New trade association brings together open source Enterprise Linux community It will provide an open process to access source code that organizations can use to build distributions compatible with RHEL RENO, Nev., AUSTIN, Texas, and LUXEMBOURG—August 10, 2023—CIQ, Oracle and SUSE today announced the...
CIQ (Rocky Linux), Oracle, and SUSE announce a new trade association dedicated to providing source code for building RHEL compatible distributions.
The formation of OpenELA arises from Red Hat's recent changes to RHEL source code availability.
Oracle has been full savage lately. From their press release on the issue 2 months ago:
By the way, if you are a Linux developer who disagrees with IBM’s actions and you believe in Linux freedom the way we do, we are hiring.
One observation for ISVs: IBM’s actions are not in your best interest. By killing CentOS as a RHEL alternative and attacking AlmaLinux and Rocky Linux, IBM is eliminating one way your customers save money and make a larger share of their wallet available to you. If you don’t yet support your product on Oracle Linux, we would be happy to show you how easy that is. Give your customers more choice.
Finally, to IBM, here’s a big idea for you. You say that you don’t want to pay all those RHEL developers? Here’s how you can save money: just pull from us. Become a downstream distributor of Oracle Linux. We will happily take on the burden
I don't think the shareholders care a whole lot unless stuff like this actually costs them customers. I am curious to know what some of the Red Hat developers think about this whole situation, though.

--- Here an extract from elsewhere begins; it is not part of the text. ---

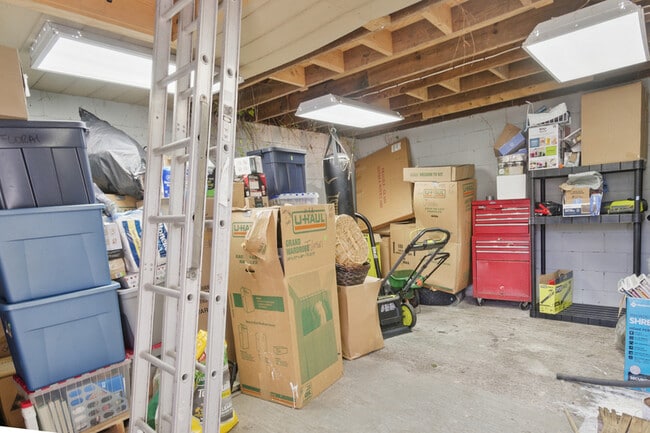 Building Photo - 8559 Old Ocean View Rd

There is no such thing as “community-driven” and “RHEL compatible”. If they are actually going to do their own work to create an enterprise Linux distro, it is not going to be bug for bug compatible with RHEL. The only way to get that is to copy RHEL exactly in which case any actual “community” contribution is a bug ( deviates from the goal of being identical ).
I do not love what Red Hat has been doing lately but all this cheerleading for these companies acting entirely in their own commercial interest under the banner of “community” has been very hard to watch.
Red Hat wanted to make it a bit more work to make identical copies of their distro and to water down the claims from copycats that they are truly identical. In response, some of the copycats have joined forces. This both reduces the burden on them individually and provides an alternative source of credibility that they can rely on. In the end, despite all the fireworks, barely anything will have changed for most of us. The mechanics of how RHEL clone get built have been altered somewhat but otherwise things are mostly as they were.
I'm kinda surprised SUSE is going in on this. They kind of do their own thing, so making RHEL-compatible packages seems a little odd. But whatever, as long as openSUSE doesn't turn into Fedora, I'm happy.
A little over a week ago, SUSE also announced they would be releasing their own binary compatible RHEL clone with $10 million of backing. So it looks like they were planning to take advantage of this uproar from the beginning.